Seeing the forest for the trees
08 May 2010
Object recognition is one of the core topics in computer vision research: After all, a computer that can see isn't much use if it has no idea what it's looking at. Researchers at MIT, working with colleagues at the University of California, Los Angeles, have developed new techniques that should make object recognition systems much easier to build and should enable them use computer memory more efficiently.
![]() |
| Graphic: Christine Daniloff |
A conventional object recognition system, when trying to discern a particular type of object in a digital image, will generally begin by looking for the object's salient features. A system built to recognise faces, for instance, might look for things resembling eyes, noses and mouths and then determine whether they have the right spatial relationships with each other.

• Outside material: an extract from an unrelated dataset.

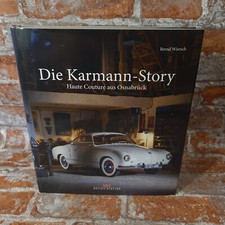 Die Karmann-Story: Haute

The design of such systems, however, usually requires human intuition: A programmer decides which parts of the objects are the right ones to key in on. That means that for each new object added to the system's repertoire, the programmer has to start from scratch, determining which of the object's parts are the most important.
It also means that a system designed to recognise millions of different types of objects would become unmanageably large. Each object would have its own, unique set of three or four parts, but the parts would look different from different perspectives, and cataloguing all those perspectives would take an enormous amount of computer memory.

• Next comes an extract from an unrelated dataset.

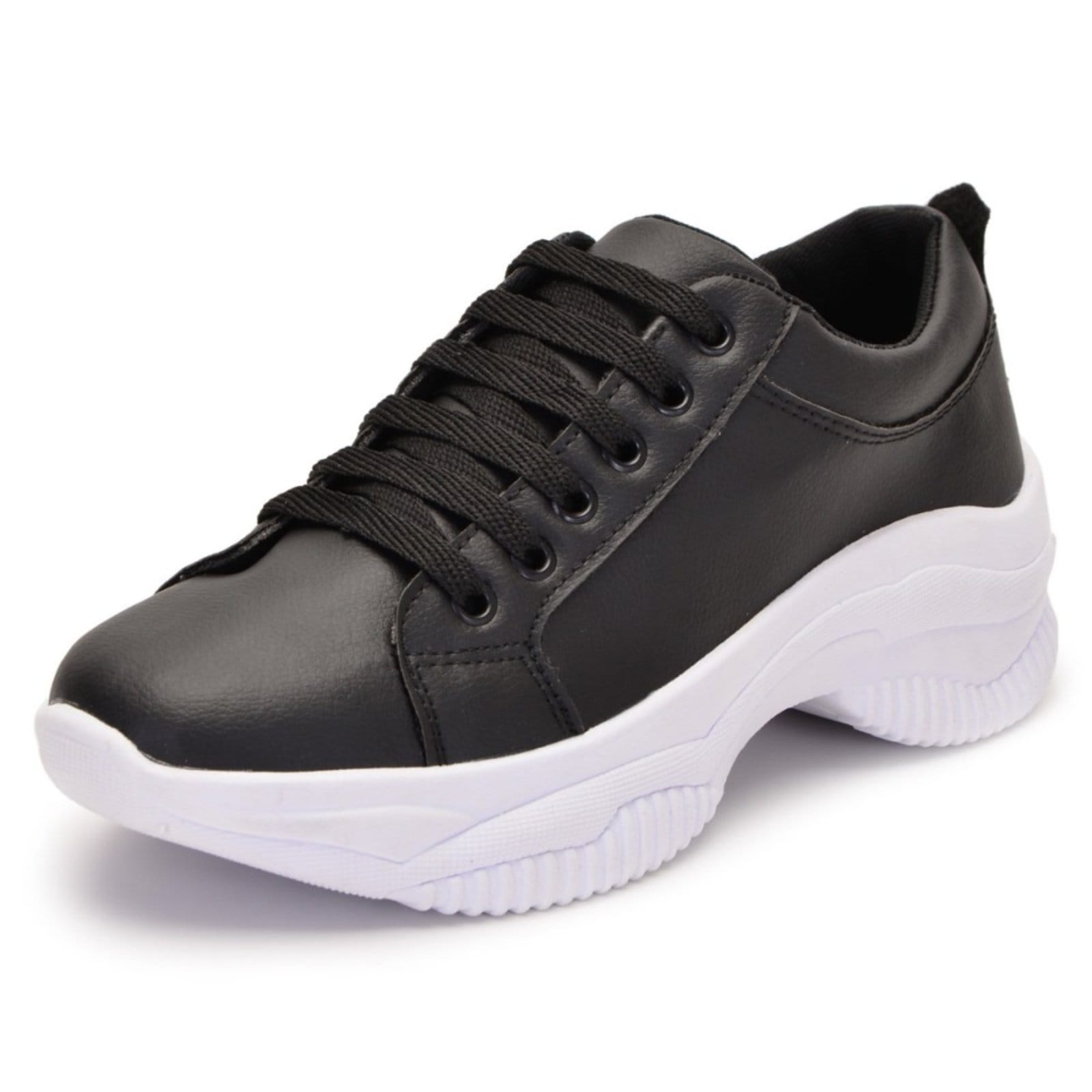 Tênis Feminino Chunky Plataforma Peccato Clube do Sapato de Franca DFT Gym Up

In a paper to be presented at the Institute of Electrical and Electronics Engineers' Conference on Computer Vision and Pattern Recognition in June, postdoc Long (Leo) Zhu and professors Bill Freeman and Antonio Torralba, all of MIT's Computer Science and Artificial Intelligence Laboratory, and Yuanhao Chen and Alan Yuille of UCLA describe an approach that solves both of these problems at once.
Like most object-recognition systems, their system learns to recognise new objects by being ''trained'' with digital images of labelled objects. But it doesn't need to know in advance which of the objects' features it should look for. For each labeled object, it first identifies the smallest features it can - often just short line segments.
Then it looks for instances in which these low-level features are connected to each other, forming slightly more sophisticated shapes. Then it looks for instances in which these more sophisticated shapes are connected to each other, and so on, until it's assembled a hierarchical catalogue of increasingly complex parts whose top layer is a model of the whole object.